Iranian jets join allies in the fight against ISIS in Iraq
British, American and other allied forces are now fighting directly alongside their former rivals Iran, according to new footage of the war in Iraq.
An Iranian jet has been filmed for the first time bombing positions of the Islamic State of Iraq and the Levant (Isil), during a battle for the town of Saadiya, north-east of Baghdad.
United State Air Force jets have been flying missions over Iraq since August, and the RAF since September. Pentagon officials later confirmed that Iranian jets had taken part in bombing raids.
Iranian advisers are known to have been embedded with the Iraqi army and militia forces fighting Isil. But this is the first proof that the Islamic Republic and the countries it famously termed the “Great and Little Satan” – America and Britain – are taking part in missions on the same side.
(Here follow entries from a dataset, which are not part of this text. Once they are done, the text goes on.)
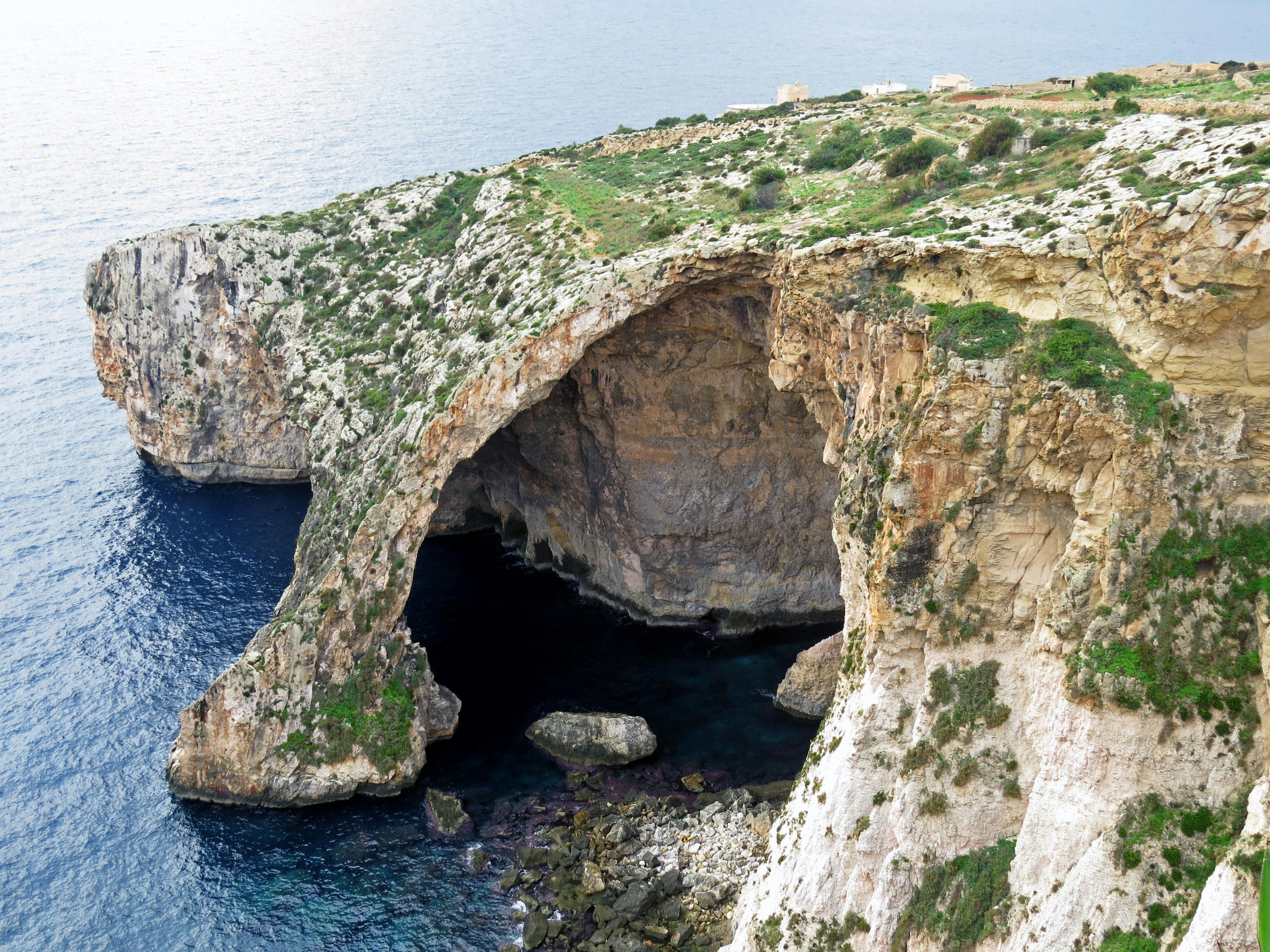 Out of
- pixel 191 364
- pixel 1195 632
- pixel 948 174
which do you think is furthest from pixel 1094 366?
pixel 191 364

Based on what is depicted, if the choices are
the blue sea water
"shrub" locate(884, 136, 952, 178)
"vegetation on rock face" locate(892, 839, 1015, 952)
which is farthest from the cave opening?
"vegetation on rock face" locate(892, 839, 1015, 952)

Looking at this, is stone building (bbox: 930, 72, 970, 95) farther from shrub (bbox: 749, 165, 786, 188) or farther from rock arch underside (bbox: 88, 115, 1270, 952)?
rock arch underside (bbox: 88, 115, 1270, 952)

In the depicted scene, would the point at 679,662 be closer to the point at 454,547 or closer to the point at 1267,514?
the point at 454,547

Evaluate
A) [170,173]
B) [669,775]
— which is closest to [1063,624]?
[669,775]

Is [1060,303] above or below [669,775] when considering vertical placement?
above

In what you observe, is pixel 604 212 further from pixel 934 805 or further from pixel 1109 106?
pixel 934 805

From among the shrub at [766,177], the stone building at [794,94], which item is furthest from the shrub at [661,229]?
the stone building at [794,94] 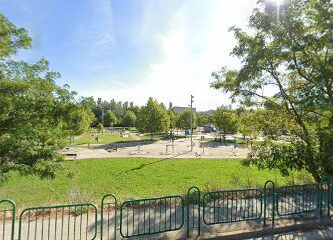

The footage was filmed on Sunday by an Al-Jazeera crew reporting on the key battle for Saadiya and Jalula, two towns north-east of Baghdad not far from the Iranian border.
Saadiya was captured in the great surge Isil staged across much of Iraq in June and became a major jihadist base, while Jalula, a mostly Kurdish town with some Sunni Arab presence, has exchanged hands on a number of occasions.
Al-Jazeera claimed the jet belonged to the Iraqi air force, which was given half a dozen Russian-built Sukhoi Su-25 ground attack jets by Iran at the outset of the war in June.
However, analysts from IHS Jane’s Defence identified the jet as a McDonnell Douglas F-4 Phantom II, a relic of America’s pre-1979 alliance with the Shah’s Iran. The Phantom was a staple of the US Air Force in the Vietnam war.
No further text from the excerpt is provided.